**Assignment**
The entries that follow should be written out exactly.

□ □ □ □

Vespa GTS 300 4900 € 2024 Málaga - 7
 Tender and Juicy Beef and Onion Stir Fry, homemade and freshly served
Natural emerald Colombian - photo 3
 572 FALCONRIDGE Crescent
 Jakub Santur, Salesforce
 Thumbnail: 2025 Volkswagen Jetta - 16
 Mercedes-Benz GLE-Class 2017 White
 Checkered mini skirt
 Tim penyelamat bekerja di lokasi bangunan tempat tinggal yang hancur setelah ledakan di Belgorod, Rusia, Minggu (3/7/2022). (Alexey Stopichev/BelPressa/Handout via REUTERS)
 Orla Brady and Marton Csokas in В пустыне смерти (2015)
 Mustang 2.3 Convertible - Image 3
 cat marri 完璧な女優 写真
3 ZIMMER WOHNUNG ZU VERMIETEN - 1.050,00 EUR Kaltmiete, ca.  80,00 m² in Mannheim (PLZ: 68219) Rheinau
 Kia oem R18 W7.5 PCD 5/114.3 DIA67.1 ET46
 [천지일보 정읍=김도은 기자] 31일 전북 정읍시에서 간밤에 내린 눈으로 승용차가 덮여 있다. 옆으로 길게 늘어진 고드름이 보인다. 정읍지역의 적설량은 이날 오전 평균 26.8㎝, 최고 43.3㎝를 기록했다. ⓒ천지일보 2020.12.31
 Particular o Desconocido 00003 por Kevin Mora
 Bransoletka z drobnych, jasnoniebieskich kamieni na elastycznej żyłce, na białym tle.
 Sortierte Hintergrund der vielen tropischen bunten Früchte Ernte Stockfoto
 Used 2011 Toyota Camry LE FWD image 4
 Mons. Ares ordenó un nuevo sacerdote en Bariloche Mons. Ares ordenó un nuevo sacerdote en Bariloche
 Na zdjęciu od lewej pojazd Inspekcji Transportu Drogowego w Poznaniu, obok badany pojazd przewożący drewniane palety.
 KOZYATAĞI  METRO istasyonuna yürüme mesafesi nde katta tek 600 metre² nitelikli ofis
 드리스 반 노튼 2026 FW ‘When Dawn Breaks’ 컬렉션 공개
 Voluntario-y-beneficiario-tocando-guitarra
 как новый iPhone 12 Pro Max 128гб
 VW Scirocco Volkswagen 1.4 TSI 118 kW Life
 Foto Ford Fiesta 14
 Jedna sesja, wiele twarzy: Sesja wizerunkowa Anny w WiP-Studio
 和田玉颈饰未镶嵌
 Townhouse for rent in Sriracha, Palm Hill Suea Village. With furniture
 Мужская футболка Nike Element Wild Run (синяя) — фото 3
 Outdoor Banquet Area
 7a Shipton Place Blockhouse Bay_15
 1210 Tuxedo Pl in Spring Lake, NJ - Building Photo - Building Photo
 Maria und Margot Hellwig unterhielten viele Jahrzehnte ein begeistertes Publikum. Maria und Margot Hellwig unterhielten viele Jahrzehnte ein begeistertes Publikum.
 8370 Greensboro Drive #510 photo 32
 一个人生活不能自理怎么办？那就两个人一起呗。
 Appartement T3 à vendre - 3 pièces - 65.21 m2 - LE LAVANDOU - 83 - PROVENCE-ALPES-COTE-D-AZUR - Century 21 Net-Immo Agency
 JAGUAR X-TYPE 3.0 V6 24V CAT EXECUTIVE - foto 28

□ □ □ □

**Exercise result**
Vespa GTS 300 4900 € 2024 Málaga - 7
 Tender and Juicy Beef and Onion Stir Fry, homemade and freshly served
Natural emerald Colombian - photo 3
 572 FALCONRIDGE Crescent
 Jakub Santur, Salesforce
 Thumbnail: 2025 Volkswagen Jetta - 16
 Mercedes-Benz GLE-Class 2017 White
 Checkered mini skirt
 Tim penyelamat bekerja di lokasi bangunan tempat tinggal yang hancur setelah ledakan di Belgorod, Rusia, Minggu (3/7/2022). (Alexey Stopichev/BelPressa/Handout via REUTERS)
 Orla Brady and Marton Csokas in В пустыне смерти (2015)
 Mustang 2.3 Convertible - Image 3
 cat marri 完璧な女優 写真
3 ZIMMER WOHNUNG ZU VERMIETEN - 1.050,00 EUR Kaltmiete, ca.  80,00 m² in Mannheim (PLZ: 68219) Rheinau
 Kia oem R18 W7.5 PCD 5/114.3 DIA67.1 ET46
 [천지일보 정읍=김도은 기자] 31일 전북 정읍시에서 간밤에 내린 눈으로 승용차가 덮여 있다. 옆으로 길게 늘어진 고드름이 보인다. 정읍지역의 적설량은 이날 오전 평균 26.8㎝, 최고 43.3㎝를 기록했다. ⓒ천지일보 2020.12.31
 Particular o Desconocido 00003 por Kevin Mora
 Bransoletka z drobnych, jasnoniebieskich kamieni na elastycznej żyłce, na białym tle.
 Sortierte Hintergrund der vielen tropischen bunten Früchte Ernte Stockfoto
 Used 2011 Toyota Camry LE FWD image 4
 Mons. Ares ordenó un nuevo sacerdote en Bariloche Mons. Ares ordenó un nuevo sacerdote en Bariloche
 Na zdjęciu od lewej pojazd Inspekcji Transportu Drogowego w Poznaniu, obok badany pojazd przewożący drewniane palety.
 KOZYATAĞI  METRO istasyonuna yürüme mesafesi nde katta tek 600 metre² nitelikli ofis
 드리스 반 노튼 2026 FW ‘When Dawn Breaks’ 컬렉션 공개
 Voluntario-y-beneficiario-tocando-guitarra
 как новый iPhone 12 Pro Max 128гб
 VW Scirocco Volkswagen 1.4 TSI 118 kW Life
 Foto Ford Fiesta 14
 Jedna sesja, wiele twarzy: Sesja wizerunkowa Anny w WiP-Studio
 和田玉颈饰未镶嵌
 Townhouse for rent in Sriracha, Palm Hill Suea Village. With furniture
 Мужская футболка Nike Element Wild Run (синяя) — фото 3
 Outdoor Banquet Area
 7a Shipton Place Blockhouse Bay_15
 1210 Tuxedo Pl in Spring Lake, NJ - Building Photo - Building Photo
 Maria und Margot Hellwig unterhielten viele Jahrzehnte ein begeistertes Publikum. Maria und Margot Hellwig unterhielten viele Jahrzehnte ein begeistertes Publikum.
 8370 Greensboro Drive #510 photo 32
 一个人生活不能自理怎么办？那就两个人一起呗。
 Appartement T3 à vendre - 3 pièces - 65.21 m2 - LE LAVANDOU - 83 - PROVENCE-ALPES-COTE-D-AZUR - Century 21 Net-Immo Agency
 JAGUAR X-TYPE 3.0 V6 24V CAT EXECUTIVE - foto 28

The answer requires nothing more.